You want to talk about the frozen north? The Anishinaabe of Moon of the Crusted Snow have nothing on the Inuit as recounted in Tanya Tagaq's memoir-fantasy Split Tooth. You'd have to fly from Ontario across all of the frozen Hudson Bay, over mainland Nunavut, to reach Cambridge Bay, on the south tip of Victoria Island--a place on a similar latitude as Alaska's north coast--to compare the two. Tagaq, most famous as a traditional Inuit throat singer who won Canada's top music prize in 2014, recounts a coming of age in the remote tundra in vivid, specific detail, mixed with a healthy dose of magical realism and interstitial poetry.

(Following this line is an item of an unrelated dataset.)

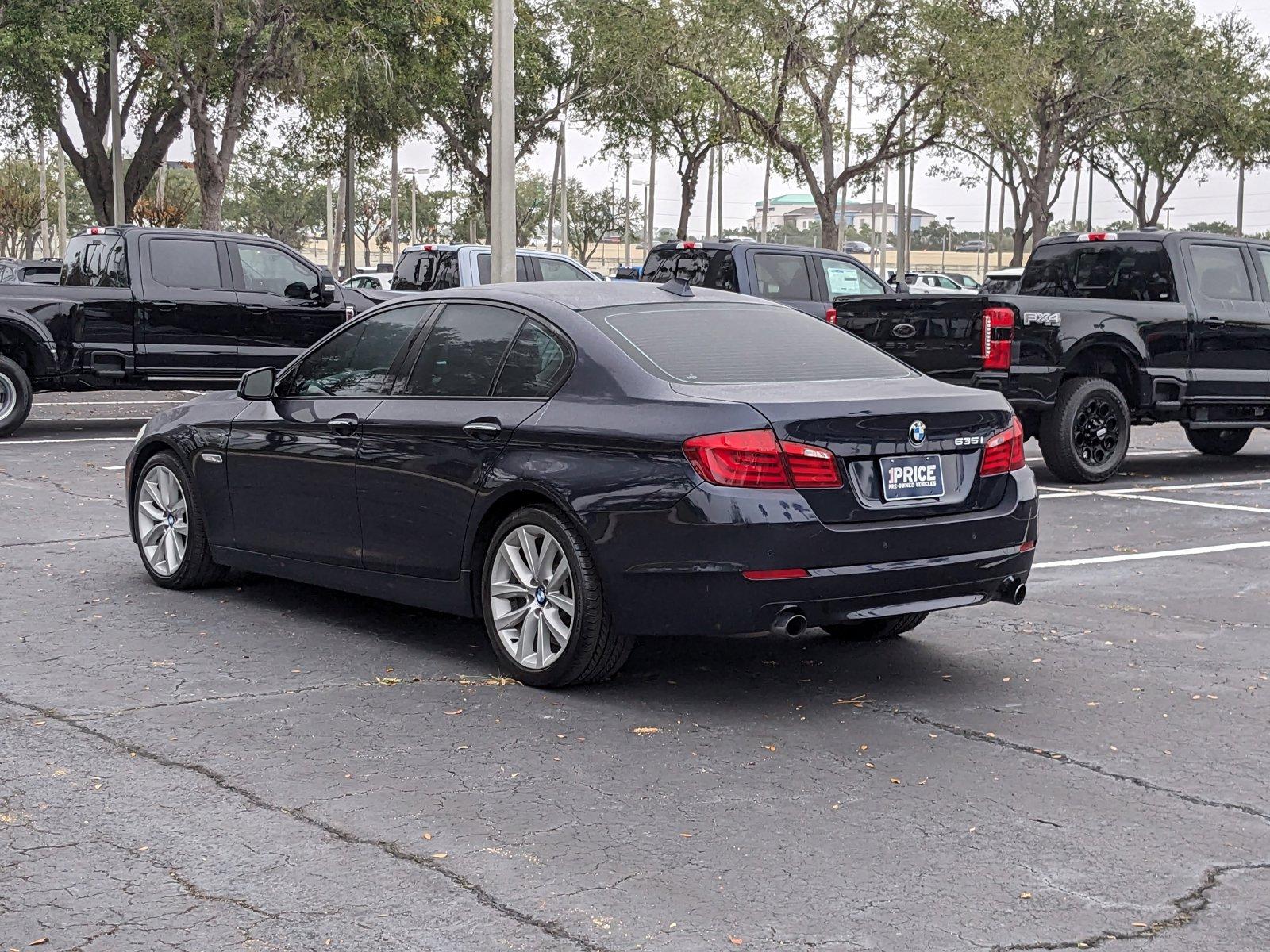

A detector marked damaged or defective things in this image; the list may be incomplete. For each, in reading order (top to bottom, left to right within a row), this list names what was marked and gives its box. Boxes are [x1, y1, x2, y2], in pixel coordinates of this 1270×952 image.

cracked asphalt pavement [2, 390, 1270, 946]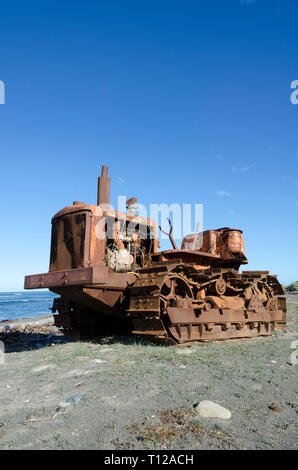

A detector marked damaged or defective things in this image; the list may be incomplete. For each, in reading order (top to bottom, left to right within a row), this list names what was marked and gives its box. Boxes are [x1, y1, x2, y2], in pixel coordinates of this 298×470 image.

rusty bulldozer [24, 165, 286, 346]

The unnamed protagonist of Split Tooth isn't necessarily Tagaq herself, but when the narrative is in its realist mode, it offers the kind of specific detail that can only come from life as it's really lived in a place like Nunavut. She tells us, for instance, about carrying six lemmings around, one for each pocket of her coat--put two lemmings in a pocket and they'll start fighting, you know. She details the challenges of Inuit life with honest clarity--not the climate or the polar bears, mostly, but challenges like the crippling defeatedness of elders who try to keep the Inuktitut language alive after it's been beaten and shamed out of them. "We cut and paste words from our ancestry onto our paper-doll versions of ourselves," Taqag writes about Inuktitut class, "and everyone feels a little bit empty." In Cambridge Bay alcoholism is rampant, and worse addictions; the narrator is often found huffing gasoline. Sexual abuse is everywhere, and the narrator is both observer and victim. Split Tooth has all sorts of fantastical monsters, but none as frightening as the moment when the young narrator, hiding in the closet from her parents' boozy, violent parties, finds the door opening:
The door slides open, and my uncle sticks his head in. Towering over us, swaying and slurring. Blood pouring down his face from some wound above his hairline.
"I just wanted to tell you kids not to be scared."
Then he closed the door.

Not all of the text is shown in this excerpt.